Мне предстояла дома та же драма; я женился по любви, на благородной девице, и у меня уже был сын. Поутру рассказал я жене все и не дал времени расчувствоваться.

– Укладывайте скорее все нужное, – сказал я жене, – а я иду проститься с адмиральшей и отнести ей последнее прости от адмирала.

Вечером, в семь часов, сидел я уже в кибитке и через Псков, как мне приказано было, оставил Ревель навсегда и отправился в Москву.

VIII

Москва была уже не та, какой я видел ее прежде: вкралась недоверчивость, все объяты были страхом, но в родственниках моего адмирала нашел я то же радушие, то же гостеприимство и ту же готовность помочь мне своим кредитом. По новому учреждению каждый офицер должен был явиться к коменданту Гагсу. С трепетом предстал я перед ним; обойдя всех офицеров, дошел он до меня, и едва успел я выговорить свое имя, как он, взяв меня за руку, сказал:

– Пожалуйте ко мне, – я пошел за ним в кабинет, – вы напрасно сюда приехали, вы, батька, кажется, исключен, и ваш адмирал очень худо.

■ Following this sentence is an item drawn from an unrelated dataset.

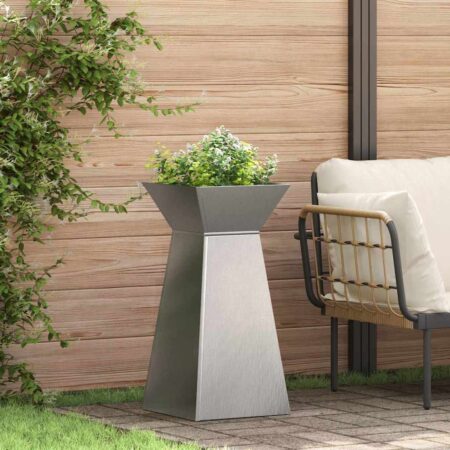 vidaXL Søjle Plantekasse 2 pcs Sølv 35 x 35 x 73 cm Stål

Добродушный тон коменданта меня ободрил. Я рассказал ему вкратце все обстоятельства и милость адмирала, который дал мне отпуск задним числом.

– Хорошо, – отвечал комендант, – мы поедем вместе к графу Ивану Петрович, он лучше знай.

Вот уже я с комендантом перед графом Иваном Петровичем Салтыковым[65]. Он расспросил меня об адмирале моем, изъявил сожаление, вошел и в мое положение, спросив: сколько дней мне нужно пробыть в Москве? Я объявил ему, что буду ожидать письма от брата графа Палена из Ревеля, и с оным тотчас уеду в Петербург.

– Так и быть, оставьте его здесь, – сказал граф коменданту, – только, – обратясь ко мне, прибавил, – не показывайтесь Гертелю[66].

Комендант вышел со мной и, отпуская меня, сказал:

– Ко мне явись утром, а коли нужда, вечером в семь или восемь часов, а теперь скорее домой. Кланяйся Анне Матвеевне и Григорию Григорьевичу (то были мать и брат моего адмирала).

Кому я был обязан этим спасением, хотя и не понимал, в чем дело состояло? – Людям, – остаткам века Екатерины, которые еще втайне умели блогодетельствовать нашей братии, офицерам, не ведающим, что делалось вверху.

Матери моей уже не было на свете; на году смерть прекратила нить жизни ее. Она сразила ее в подмосковной, которая после была моею. Я отыскал ее могилу и памятник, бросился на землю, и со слезами просил прощения, что женился без ее согласия и воли.

Пока я дожидался письма от барона Палена, приехала в Москву и жена моя с сыном. Ее уверили мои и ее приятели, что я лихой малой, бросил жену и сына. Раскупили задаром все наши пожитки и отправили ее в Москву – отыскивать бежавшего мужа. Эта клевета так меня озлобила, что я решился никогда в Ревель не возвращаться. Это обстоятельство крайне расстроило финансы наши на долгое время. Наконец, прибыло и ожидаемое письмо от барона Палена. Родственники адмирала снабдили меня рекомендательными письмами к некоторым вельможам, и я с семейством пустился в Петербург.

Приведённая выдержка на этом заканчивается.